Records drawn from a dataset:
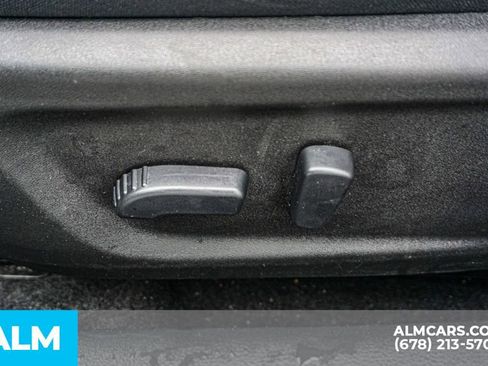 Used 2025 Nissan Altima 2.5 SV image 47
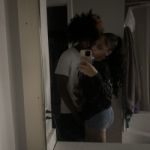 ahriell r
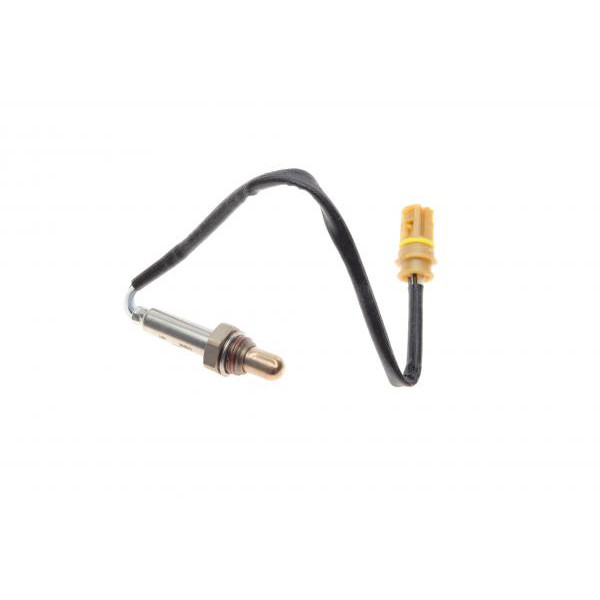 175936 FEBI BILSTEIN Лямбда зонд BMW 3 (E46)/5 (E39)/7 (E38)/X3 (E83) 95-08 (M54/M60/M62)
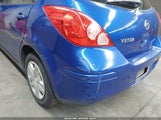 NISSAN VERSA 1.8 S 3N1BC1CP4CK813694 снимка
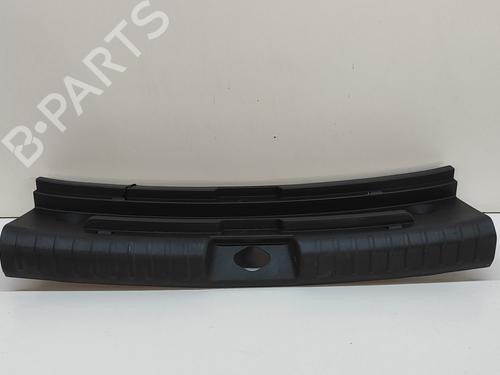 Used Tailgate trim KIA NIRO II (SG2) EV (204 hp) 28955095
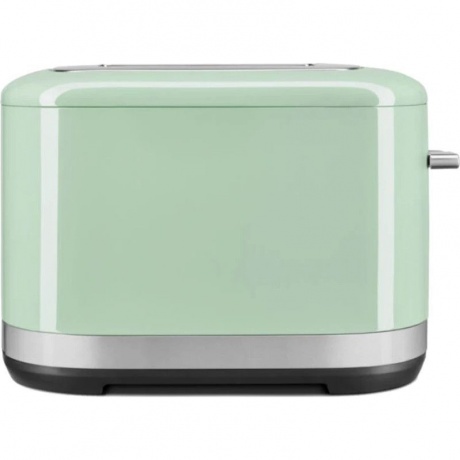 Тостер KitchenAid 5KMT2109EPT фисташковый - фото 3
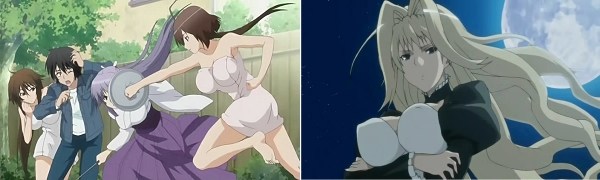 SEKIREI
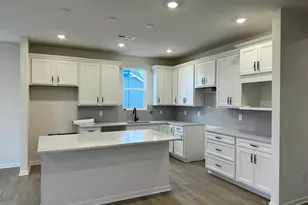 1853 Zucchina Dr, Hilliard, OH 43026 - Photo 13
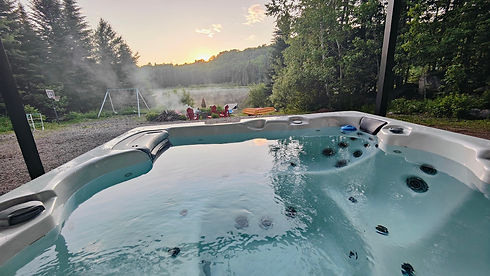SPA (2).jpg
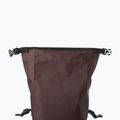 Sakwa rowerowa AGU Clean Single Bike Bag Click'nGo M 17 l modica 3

▶ _Exercise details_
Please return, without any change, the lines from the line containing "1853 Zucchina Dr, Hilliard, OH" through the last line of the entries, dropping the pictures.

▶ _Output of the exercise_
 1853 Zucchina Dr, Hilliard, OH 43026 - Photo 13
SPA (2).jpg
 Sakwa rowerowa AGU Clean Single Bike Bag Click'nGo M 17 l modica 3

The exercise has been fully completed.